> Your assignment
Please output all the entries word for word, without the pictures.
__________________________________________________
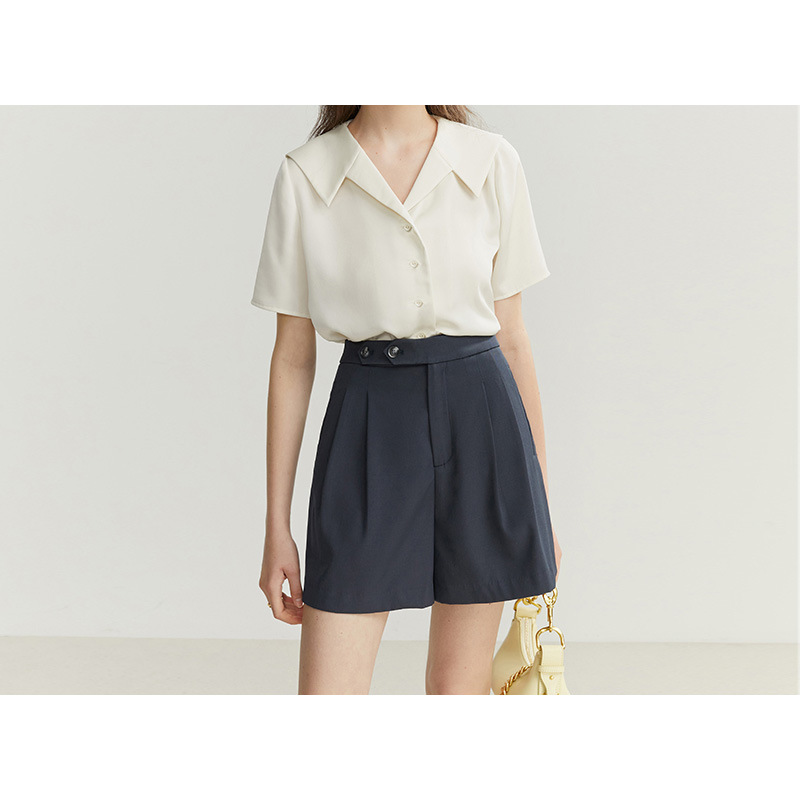 Women's Satin Chiffon Short sleeved Shirt Beige Apricot - Shop at LoveMi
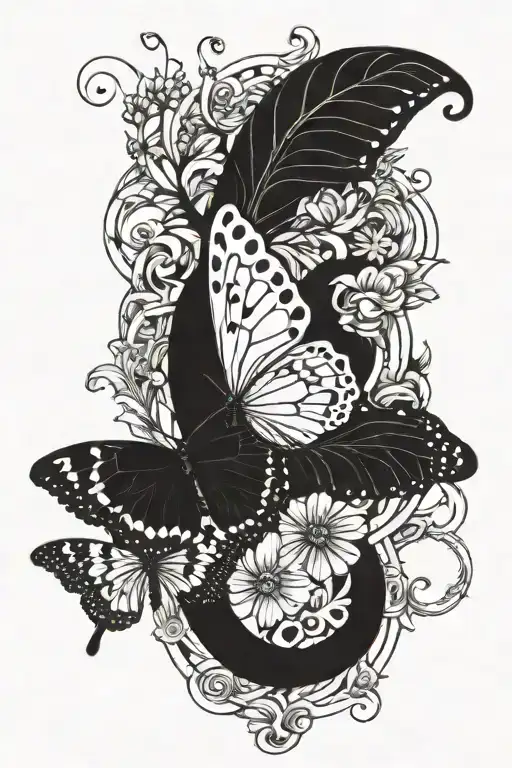infinity symbol around a butterfly and a caterpillar tattoo design idea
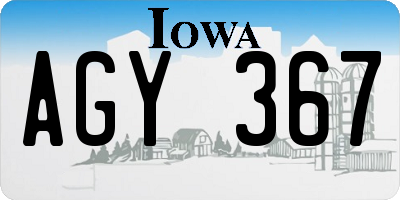 IA license plate AGY367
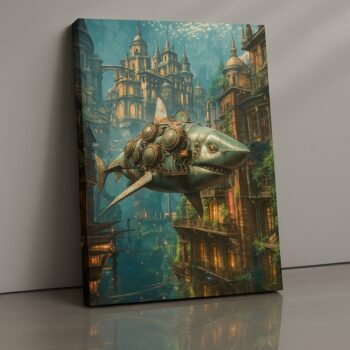 Mech Shark City Canvas Wall Art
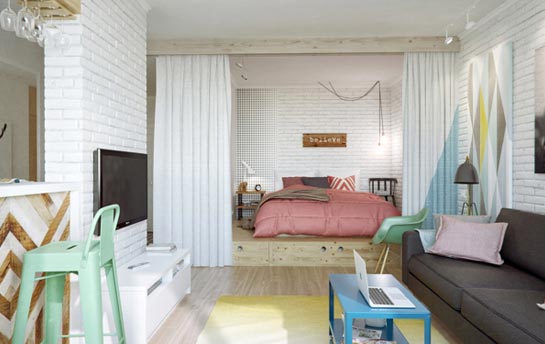 apartamento 45m2 quarto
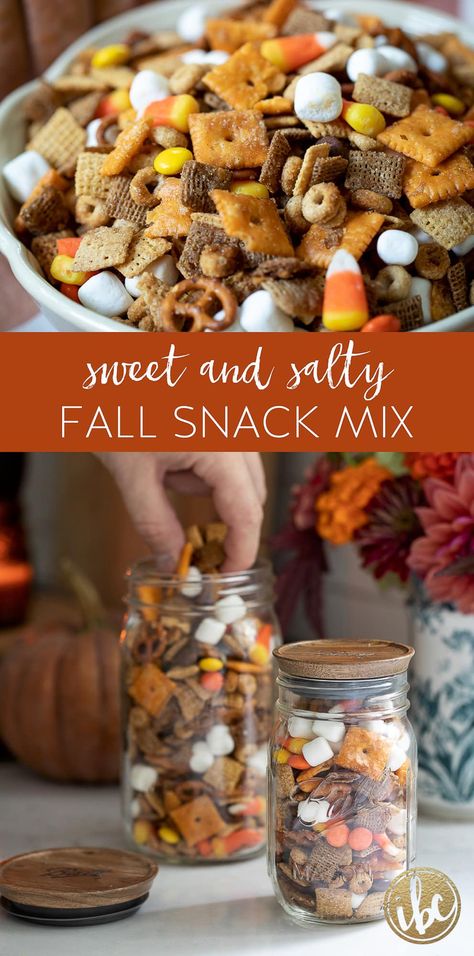 Fall Snack Mix Recipes, Fall Chex Mix Recipes, Chex Recipes, Fall Snack Mixes, Snack Mix Recipe, Halloween Snack Mix, Autumn Treats, Fall Goodies, Thanksgiving Snacks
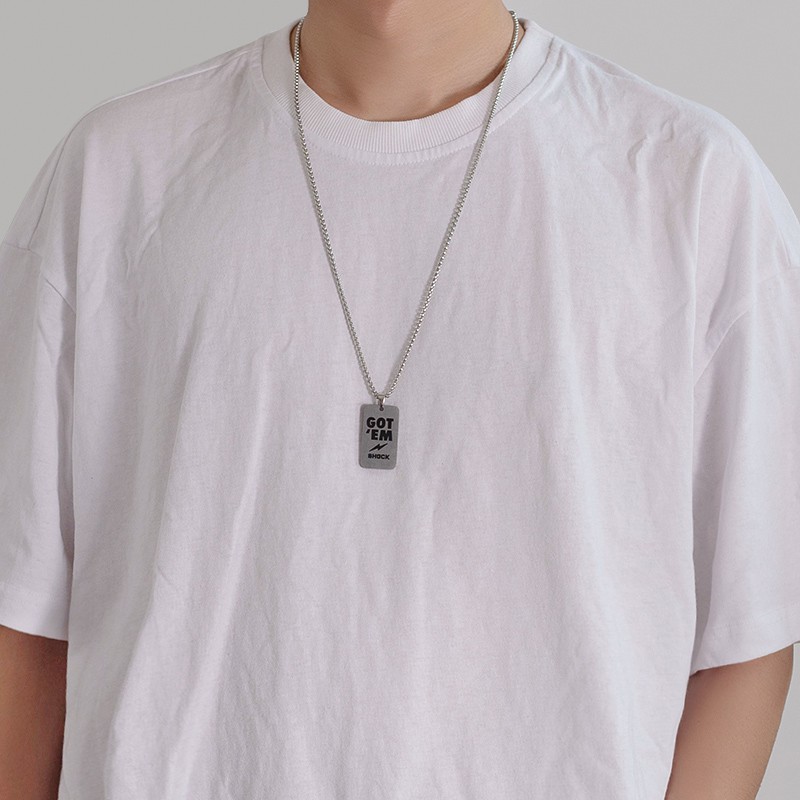 Vòng Cổ Thép Titan Mặt Thẻ Khắc Chữ Phong Cách Hip Hop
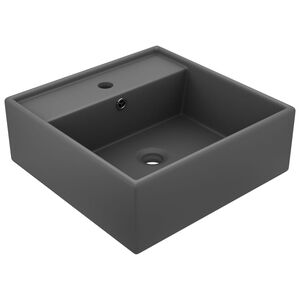 vidaXL Lavabo lujoso cuadrado rebosadero cer&aacute;mica gris oscuro 41x41 cm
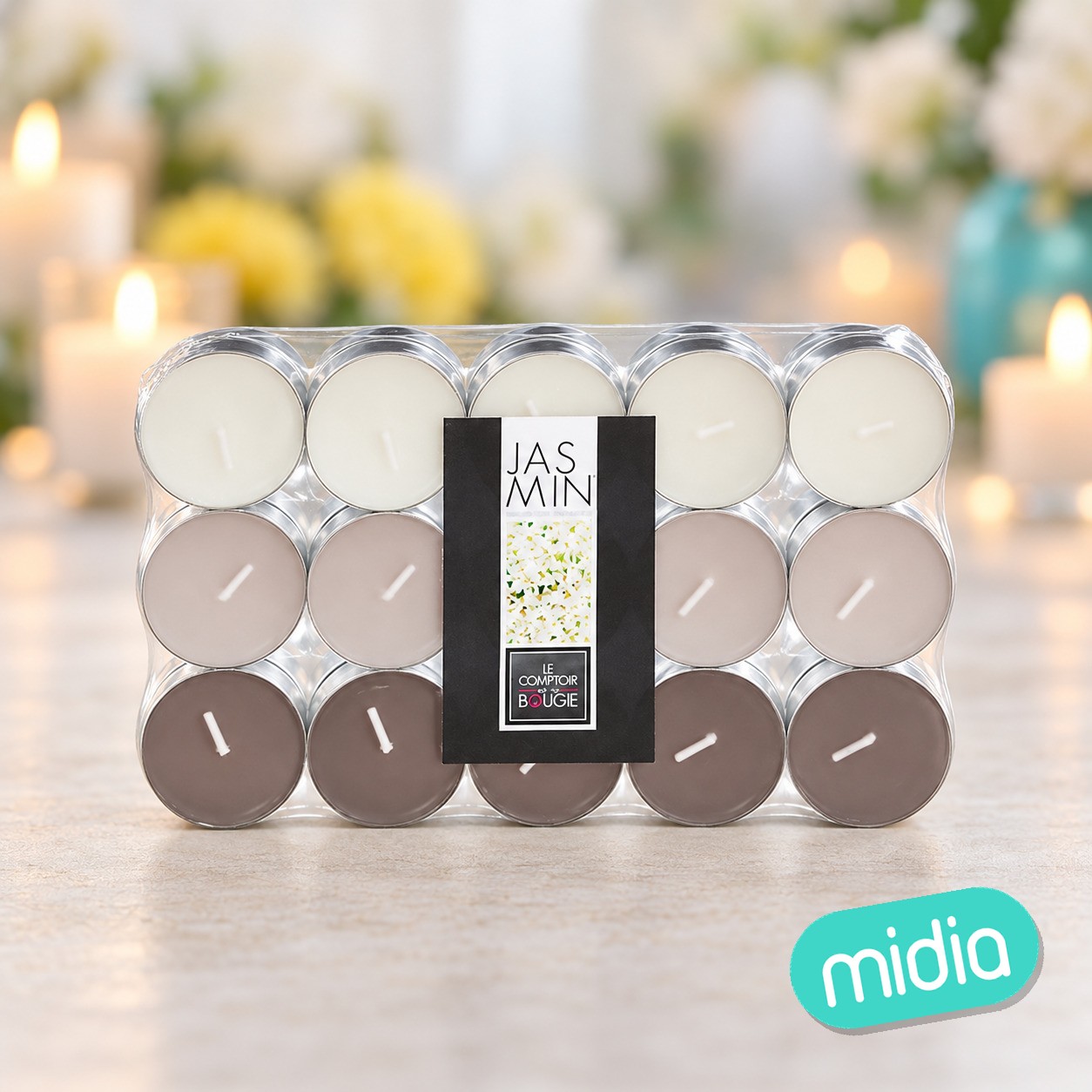 Lote de 30 velas de té perfumadas Nina jazmín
__________________________________________________
> Solution for this exercise
 Women's Satin Chiffon Short sleeved Shirt Beige Apricot - Shop at LoveMi
infinity symbol around a butterfly and a caterpillar tattoo design idea
 IA license plate AGY367
 Mech Shark City Canvas Wall Art
 apartamento 45m2 quarto
 Fall Snack Mix Recipes, Fall Chex Mix Recipes, Chex Recipes, Fall Snack Mixes, Snack Mix Recipe, Halloween Snack Mix, Autumn Treats, Fall Goodies, Thanksgiving Snacks
 Vòng Cổ Thép Titan Mặt Thẻ Khắc Chữ Phong Cách Hip Hop
 vidaXL Lavabo lujoso cuadrado rebosadero cer&aacute;mica gris oscuro 41x41 cm
 Lote de 30 velas de té perfumadas Nina jazmín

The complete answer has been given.